My Brilliant Career

· Allen & Unwin
Ebook
260
Pages
Eligible

About this ebook

'This is not a romance - I have too often faced the music of life to the tune of hardship to waste time in snivelling and gushing over fancies and dreams; neither is it a novel, but simply a yarn - a real yarn. Oh!'

First published in 1901, this Australian classic is the candid tale of the aspirations and frustrations of sixteen-year-old Sybylla Melvin, a headstrong country girl constrained by middle-class social arrangements, especially the pressure to marry.

Trapped on her parents' outback farm, Sybylla simultaneously loves bush life and hates the physical burdens it imposes. She longs for a more refined lifestyle - to read, to think, to sing - but most of all to do great things. Suddenly her life is transformed when she is whisked away to live on her grandmother's gracious property. There Sybylla falls under the eye of the rich and handsome Harry Beecham.
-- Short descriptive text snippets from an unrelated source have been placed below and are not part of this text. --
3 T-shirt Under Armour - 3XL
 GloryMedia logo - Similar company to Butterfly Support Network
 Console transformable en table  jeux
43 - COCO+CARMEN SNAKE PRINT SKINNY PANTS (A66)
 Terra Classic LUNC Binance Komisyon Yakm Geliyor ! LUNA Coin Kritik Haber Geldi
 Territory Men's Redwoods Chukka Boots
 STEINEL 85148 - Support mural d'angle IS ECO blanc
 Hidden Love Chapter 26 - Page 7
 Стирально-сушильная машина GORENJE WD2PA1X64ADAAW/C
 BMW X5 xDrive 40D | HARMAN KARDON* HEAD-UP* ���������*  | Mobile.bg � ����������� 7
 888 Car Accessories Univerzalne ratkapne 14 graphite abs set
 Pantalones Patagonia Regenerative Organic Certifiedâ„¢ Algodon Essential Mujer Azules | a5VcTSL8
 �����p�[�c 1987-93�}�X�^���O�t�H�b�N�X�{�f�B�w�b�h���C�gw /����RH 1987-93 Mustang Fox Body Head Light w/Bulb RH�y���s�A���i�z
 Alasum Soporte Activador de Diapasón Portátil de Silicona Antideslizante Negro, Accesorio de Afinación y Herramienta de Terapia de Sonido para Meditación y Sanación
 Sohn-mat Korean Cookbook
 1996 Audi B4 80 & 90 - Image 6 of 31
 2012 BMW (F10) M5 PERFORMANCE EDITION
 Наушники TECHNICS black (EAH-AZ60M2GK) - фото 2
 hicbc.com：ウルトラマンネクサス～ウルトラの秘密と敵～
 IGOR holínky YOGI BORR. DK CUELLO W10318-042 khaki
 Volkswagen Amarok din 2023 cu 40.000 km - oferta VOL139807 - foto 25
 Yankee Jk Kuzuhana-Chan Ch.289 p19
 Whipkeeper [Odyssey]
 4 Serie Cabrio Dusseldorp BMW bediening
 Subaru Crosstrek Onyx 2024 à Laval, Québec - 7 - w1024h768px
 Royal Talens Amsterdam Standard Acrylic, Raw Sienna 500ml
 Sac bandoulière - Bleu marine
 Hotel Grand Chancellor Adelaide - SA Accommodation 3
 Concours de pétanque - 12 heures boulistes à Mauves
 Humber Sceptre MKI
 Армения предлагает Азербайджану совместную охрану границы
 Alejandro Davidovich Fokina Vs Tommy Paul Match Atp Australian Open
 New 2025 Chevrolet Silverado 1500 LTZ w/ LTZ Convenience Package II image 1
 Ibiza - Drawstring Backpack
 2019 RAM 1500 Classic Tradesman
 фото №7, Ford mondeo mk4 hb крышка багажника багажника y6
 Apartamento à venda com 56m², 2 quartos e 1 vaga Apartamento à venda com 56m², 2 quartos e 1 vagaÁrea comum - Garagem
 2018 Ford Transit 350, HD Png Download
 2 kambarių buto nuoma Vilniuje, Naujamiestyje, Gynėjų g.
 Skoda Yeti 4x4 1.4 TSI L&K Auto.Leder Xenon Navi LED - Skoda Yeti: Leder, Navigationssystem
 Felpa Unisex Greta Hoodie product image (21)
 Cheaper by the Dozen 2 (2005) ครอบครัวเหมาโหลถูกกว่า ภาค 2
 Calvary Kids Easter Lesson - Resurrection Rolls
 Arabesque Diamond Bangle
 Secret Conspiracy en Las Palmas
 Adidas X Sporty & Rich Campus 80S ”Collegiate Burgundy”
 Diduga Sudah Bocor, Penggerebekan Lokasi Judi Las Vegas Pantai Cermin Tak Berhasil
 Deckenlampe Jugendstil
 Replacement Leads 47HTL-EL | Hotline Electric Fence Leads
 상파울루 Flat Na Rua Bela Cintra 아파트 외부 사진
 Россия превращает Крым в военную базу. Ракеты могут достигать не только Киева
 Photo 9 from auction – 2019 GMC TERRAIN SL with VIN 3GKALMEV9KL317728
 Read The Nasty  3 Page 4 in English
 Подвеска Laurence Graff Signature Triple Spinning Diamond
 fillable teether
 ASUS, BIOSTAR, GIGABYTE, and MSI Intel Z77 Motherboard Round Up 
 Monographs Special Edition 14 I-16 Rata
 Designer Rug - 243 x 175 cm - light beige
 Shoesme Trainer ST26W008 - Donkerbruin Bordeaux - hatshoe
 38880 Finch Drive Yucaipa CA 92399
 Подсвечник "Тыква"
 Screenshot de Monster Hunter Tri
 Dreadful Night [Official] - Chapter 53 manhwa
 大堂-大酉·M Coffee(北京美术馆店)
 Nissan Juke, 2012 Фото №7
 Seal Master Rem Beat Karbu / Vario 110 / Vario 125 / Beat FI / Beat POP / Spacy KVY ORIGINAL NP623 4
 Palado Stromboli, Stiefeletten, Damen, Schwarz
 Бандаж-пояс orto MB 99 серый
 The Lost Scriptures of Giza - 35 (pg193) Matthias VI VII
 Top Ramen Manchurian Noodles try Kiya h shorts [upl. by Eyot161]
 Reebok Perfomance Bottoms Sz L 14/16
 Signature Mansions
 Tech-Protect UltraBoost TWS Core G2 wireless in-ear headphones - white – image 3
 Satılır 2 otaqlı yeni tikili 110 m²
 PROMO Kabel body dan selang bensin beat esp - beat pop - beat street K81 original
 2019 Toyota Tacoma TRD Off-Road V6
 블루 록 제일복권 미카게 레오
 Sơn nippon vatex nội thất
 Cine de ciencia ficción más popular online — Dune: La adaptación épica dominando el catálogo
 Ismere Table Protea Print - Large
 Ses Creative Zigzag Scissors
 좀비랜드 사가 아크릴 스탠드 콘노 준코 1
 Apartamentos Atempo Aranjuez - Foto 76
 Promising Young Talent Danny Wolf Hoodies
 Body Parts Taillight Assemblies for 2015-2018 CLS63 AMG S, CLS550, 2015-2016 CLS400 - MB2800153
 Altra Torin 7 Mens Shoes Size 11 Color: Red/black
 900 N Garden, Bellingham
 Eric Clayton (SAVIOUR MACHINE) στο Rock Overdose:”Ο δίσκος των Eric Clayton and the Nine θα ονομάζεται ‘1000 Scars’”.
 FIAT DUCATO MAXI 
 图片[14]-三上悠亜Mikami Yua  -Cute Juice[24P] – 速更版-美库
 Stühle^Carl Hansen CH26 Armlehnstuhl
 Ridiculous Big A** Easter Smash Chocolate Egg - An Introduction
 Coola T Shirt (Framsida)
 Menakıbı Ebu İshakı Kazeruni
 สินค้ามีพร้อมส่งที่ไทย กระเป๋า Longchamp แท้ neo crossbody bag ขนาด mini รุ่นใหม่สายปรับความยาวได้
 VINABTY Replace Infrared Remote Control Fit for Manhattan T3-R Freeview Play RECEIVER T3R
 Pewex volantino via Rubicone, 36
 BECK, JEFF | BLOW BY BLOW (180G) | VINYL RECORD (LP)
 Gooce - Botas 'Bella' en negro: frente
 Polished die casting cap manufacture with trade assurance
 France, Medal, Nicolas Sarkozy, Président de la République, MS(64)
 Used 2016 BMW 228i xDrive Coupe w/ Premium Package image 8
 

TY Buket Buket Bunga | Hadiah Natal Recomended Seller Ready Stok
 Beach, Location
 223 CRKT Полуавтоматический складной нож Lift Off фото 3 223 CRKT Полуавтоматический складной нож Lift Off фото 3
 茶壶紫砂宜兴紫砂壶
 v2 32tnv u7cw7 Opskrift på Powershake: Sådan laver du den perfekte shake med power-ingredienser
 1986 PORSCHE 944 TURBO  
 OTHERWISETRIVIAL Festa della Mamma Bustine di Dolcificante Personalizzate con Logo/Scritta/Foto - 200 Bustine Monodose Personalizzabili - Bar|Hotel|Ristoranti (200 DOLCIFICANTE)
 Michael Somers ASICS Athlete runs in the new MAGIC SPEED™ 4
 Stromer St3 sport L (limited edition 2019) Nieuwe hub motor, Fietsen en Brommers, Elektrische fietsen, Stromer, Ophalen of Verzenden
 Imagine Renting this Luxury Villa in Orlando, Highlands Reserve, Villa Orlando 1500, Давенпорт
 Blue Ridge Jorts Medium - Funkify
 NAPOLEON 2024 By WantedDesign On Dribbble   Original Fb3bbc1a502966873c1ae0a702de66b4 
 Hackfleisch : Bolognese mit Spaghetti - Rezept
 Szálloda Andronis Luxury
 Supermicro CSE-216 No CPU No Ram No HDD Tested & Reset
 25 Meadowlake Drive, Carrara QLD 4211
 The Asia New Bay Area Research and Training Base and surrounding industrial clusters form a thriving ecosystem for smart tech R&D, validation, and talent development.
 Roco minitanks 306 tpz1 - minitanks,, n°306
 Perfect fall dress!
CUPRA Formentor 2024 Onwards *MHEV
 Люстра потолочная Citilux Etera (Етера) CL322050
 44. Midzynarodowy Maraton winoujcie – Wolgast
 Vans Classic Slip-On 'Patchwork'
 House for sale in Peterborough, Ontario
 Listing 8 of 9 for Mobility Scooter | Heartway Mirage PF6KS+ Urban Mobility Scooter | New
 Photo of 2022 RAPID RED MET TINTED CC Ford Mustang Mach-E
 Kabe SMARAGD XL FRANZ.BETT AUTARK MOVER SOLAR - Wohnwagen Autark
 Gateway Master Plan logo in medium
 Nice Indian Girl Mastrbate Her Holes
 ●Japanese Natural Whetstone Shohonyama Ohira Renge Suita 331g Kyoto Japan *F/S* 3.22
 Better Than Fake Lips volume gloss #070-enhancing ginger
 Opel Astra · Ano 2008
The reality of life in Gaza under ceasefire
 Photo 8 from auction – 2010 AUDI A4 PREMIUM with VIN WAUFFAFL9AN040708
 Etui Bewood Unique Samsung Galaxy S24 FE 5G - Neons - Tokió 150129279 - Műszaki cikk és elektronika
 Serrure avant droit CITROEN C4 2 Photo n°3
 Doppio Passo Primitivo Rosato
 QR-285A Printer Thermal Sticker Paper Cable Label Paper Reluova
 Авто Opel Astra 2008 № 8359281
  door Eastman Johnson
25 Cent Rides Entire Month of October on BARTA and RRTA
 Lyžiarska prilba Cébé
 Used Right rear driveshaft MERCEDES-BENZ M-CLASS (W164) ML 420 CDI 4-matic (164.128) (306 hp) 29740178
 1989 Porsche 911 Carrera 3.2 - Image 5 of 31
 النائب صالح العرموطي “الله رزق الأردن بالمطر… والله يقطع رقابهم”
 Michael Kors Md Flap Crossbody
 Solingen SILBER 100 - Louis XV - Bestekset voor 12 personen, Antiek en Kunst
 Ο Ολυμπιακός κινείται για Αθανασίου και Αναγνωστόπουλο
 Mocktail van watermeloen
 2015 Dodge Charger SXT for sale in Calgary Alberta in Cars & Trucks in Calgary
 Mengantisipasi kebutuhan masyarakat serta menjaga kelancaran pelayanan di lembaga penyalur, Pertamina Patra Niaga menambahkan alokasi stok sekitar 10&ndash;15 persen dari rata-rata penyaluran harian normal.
Soon she finds herself choosing between everything a conventional life offers and her own plans for a 'brilliant career'.

About the author

Stella Miles Franklin was born in the Australian bush in 1879. By the age of twenty, Miles Franklin had completed her first novel, My Brilliant Career. After it was rejected by local publishers, she sent it to Henry Lawson, who called it 'the first great Australian novel'. He wrote a preface for it and helped her to get it published in Britain in 1901. The sequel, My Career Goes Bung, was written in 1900 but was not published until 1946, considered too audacious and perhaps too revealing of its creator's own persona for publication.

Miles' early success gave her entree to literary and socialist circles in Sydney and Melbourne. By 1906 she decided to travel overseas, and went to work for the women's labour movement in Chicago. In 1915 she relocated to London and worked for various feminist and progressive causes, all the while continuing to write. A prolific author of plays as well as novels and archetypal bush stories, she often submitted work under pseudonyms that she guarded fiercely all her life. In the 1930s she returned to Australia and determined to take up the cause of Australian writing and writers. Her endowment of the Miles Franklin literary award not only surprised all who knew her, but founded an Australian literary institution that remains our most prestigious.